My UiPath bots are constantly breaking because our internal CRM changes its web selectors every two weeks. I am spending more time on maintenance than new development. How are you all building more resilient bots? Are you using Anchor Base activities or moving toward Image Recognition to handle these frequent UI shifts?
3 answers
We moved away from strict selectors last year and started leveraging "AI Computer Vision" for our most unstable applications. While it takes a bit more processing power, it is far more reliable than relying on fluctuating CSS classes or dynamic IDs. Another trick we use is creating a "Centralized Object Repository." This allows us to update a selector in one place and have it reflect across all our processes instantly. It hasn't completely eliminated maintenance, but it has cut our rework time by nearly 40%. I highly recommend looking into "Fuzzy Selectors" as well, as they allow for a certain degree of variance in the attributes before the bot throws an exception.
Are you find that the AI Computer Vision significantly increases the execution time of your unattended bots compared to the standard selector approach?
We started using "Wildcards" in our selectors to ignore the dynamic parts of the ID. It’s a simpler fix than AI but works for about 70% of our web-based issues.
I agree with Sarah. Wildcards are a great first step. We also combined them with "Attribute Filtering" to ensure the bot is looking for the right tag name instead of just a random ID.

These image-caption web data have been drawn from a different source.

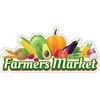 Signmission Farmers Market Decal Concession Stand Food Truck Sticker, 24" x 10", D-DC-24 Farmers Market19 D-DC-24 Farmers Market19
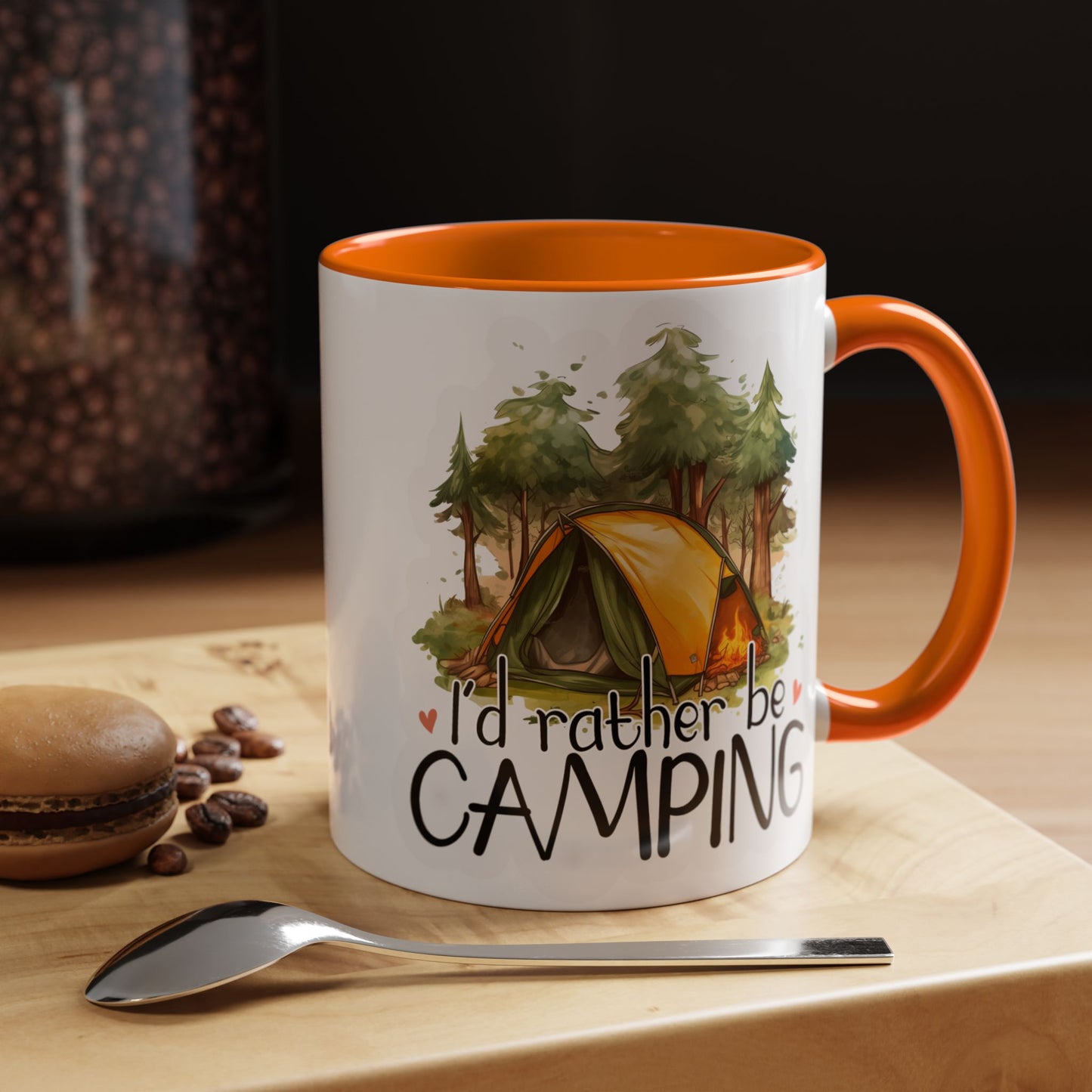 Adventure Mug - I'd Rather Be Camping Tent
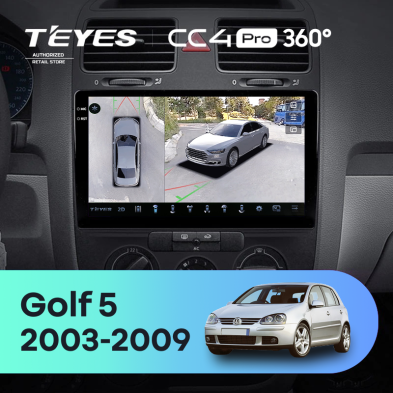 Штатная магнитола Teyes CC4 Pro 360 12/256 Volkswagen Golf 5 (2003-2009) F1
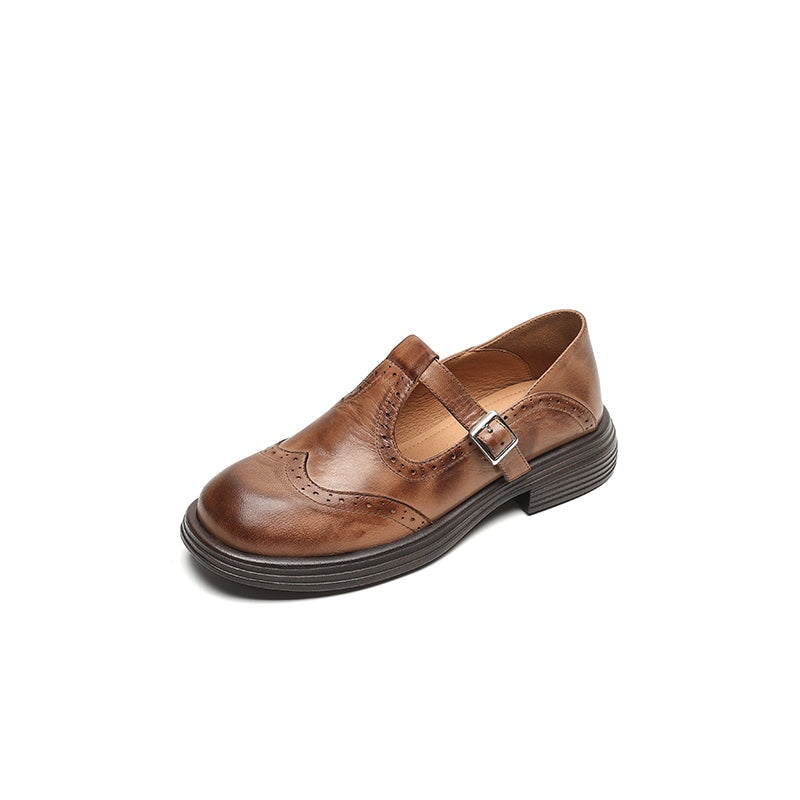 MATTEA ELEGANT LEATHER MARY JANES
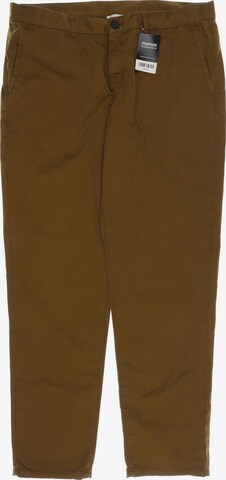 hessnatur Pants in 40 in Brown: front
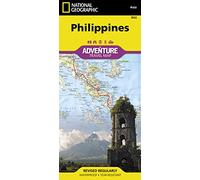 Philippines Adventure Map by National Geographic - Waterproof Travel Map with Islands, Roads & Dive Sites - Foldable Map for Manila, Palawan, Cebu, ... Map (National Geographic Adventure Map)
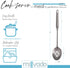 Stainless Steel Slotted Cooking Spoon, Large Metal Chef Strainer Utensil for Cooking, Serving, 15" Long Spoon
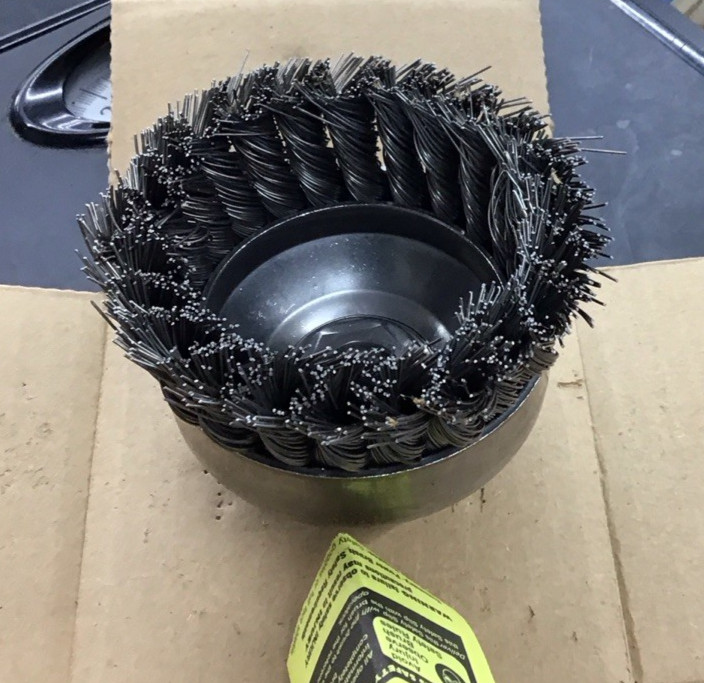 Weiler 4” Single Row Wire Cup Brush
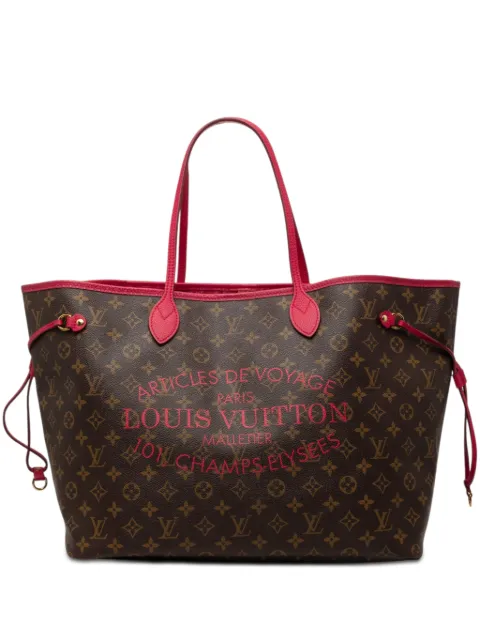 Louis Vuitton Pre-Owned 2013 Monogram Ikat Neverfull MM Tote Bag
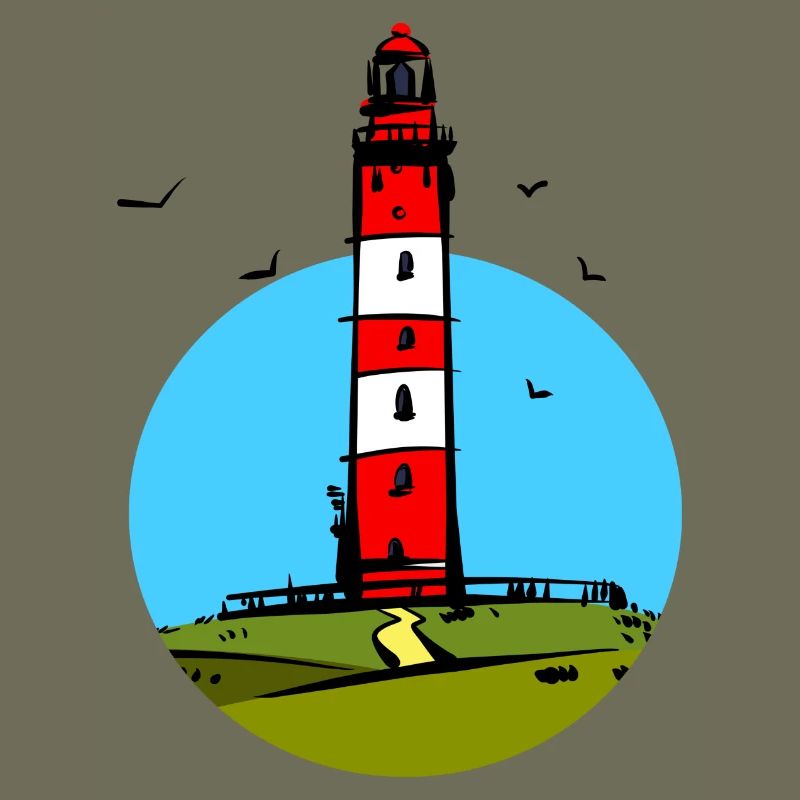 Leuchtturm Amrum Design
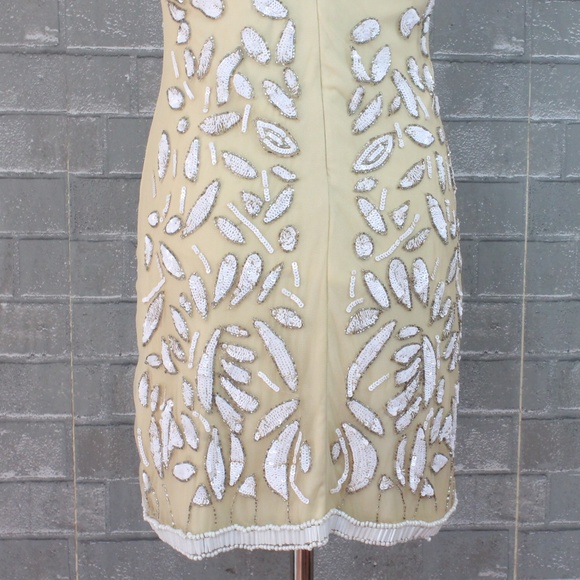 X by NBD Madeline Beaded Mini Dress Ivory NWT - Picture 7 of 8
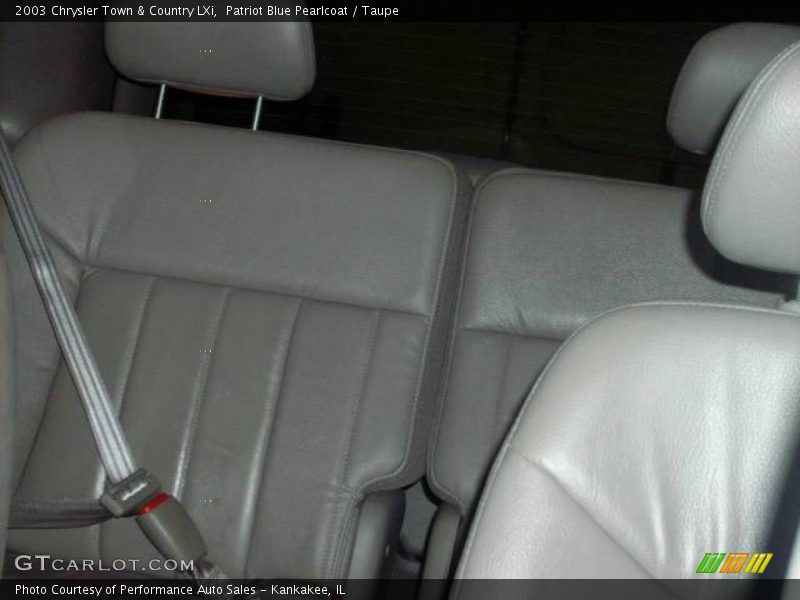 Patriot Blue Pearlcoat / Taupe 2003 Chrysler Town & Country LXi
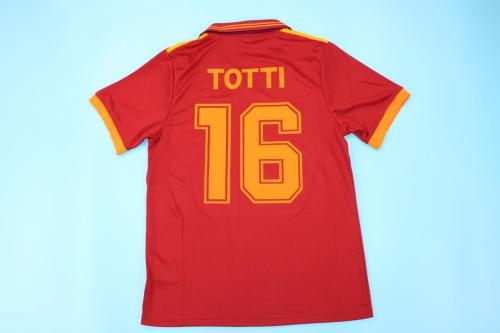 Retro Jersey 1992-1994 As Roma TOTTI 10 Home Soccer Jersey Vintage Football Shirt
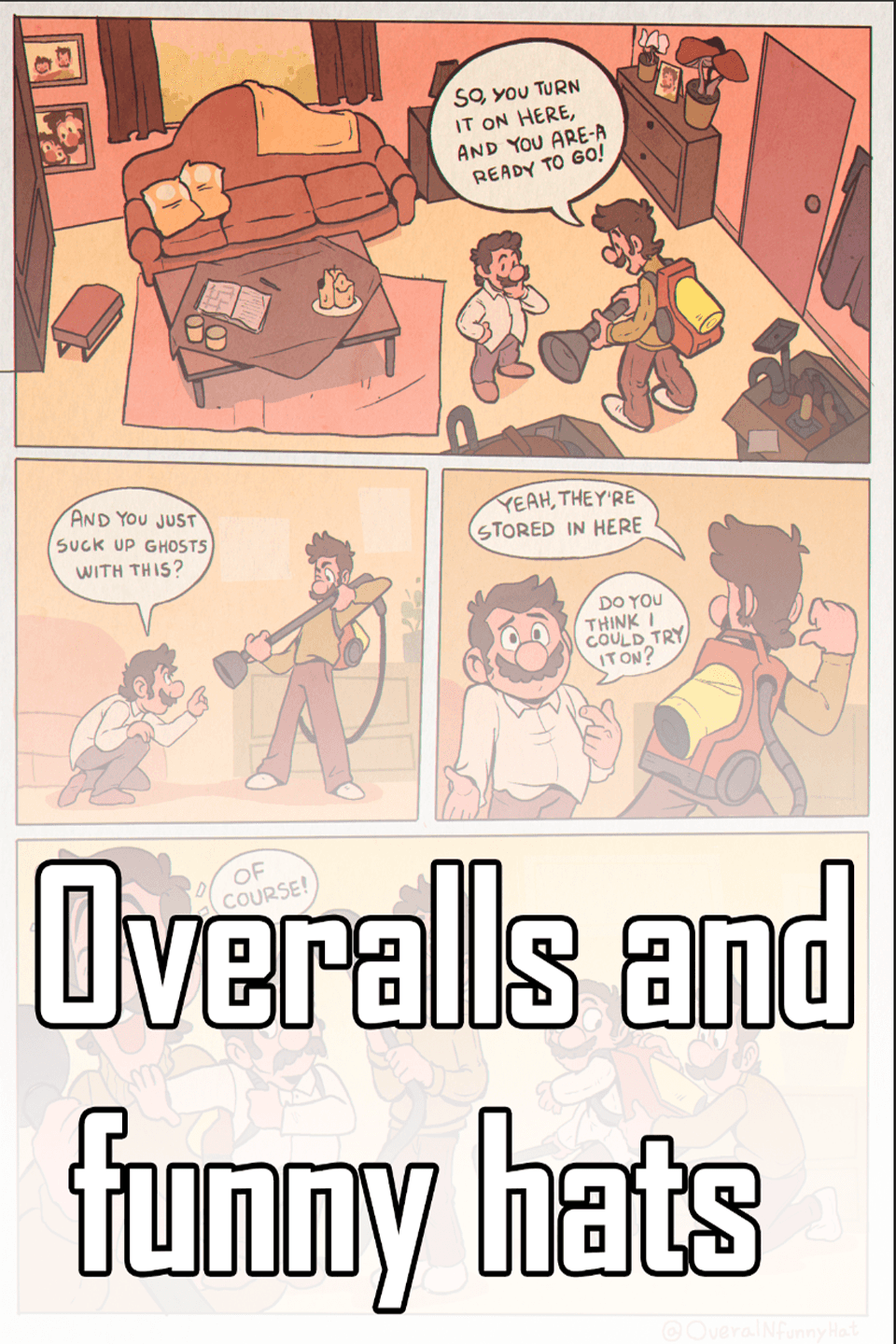 overalls and funny hats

To answer your question, Michael, there is a slight latency hit, usually around 200-300ms per interaction. However, when you compare that to the hours spent manually fixing a broken bot and restarting a failed production run, the trade-off is absolutely worth it. We only use it for the "problematic" elements, not the entire workflow. This hybrid approach keeps our execution speed high while ensuring the bot doesn't crash the moment a developer changes a button's color or position.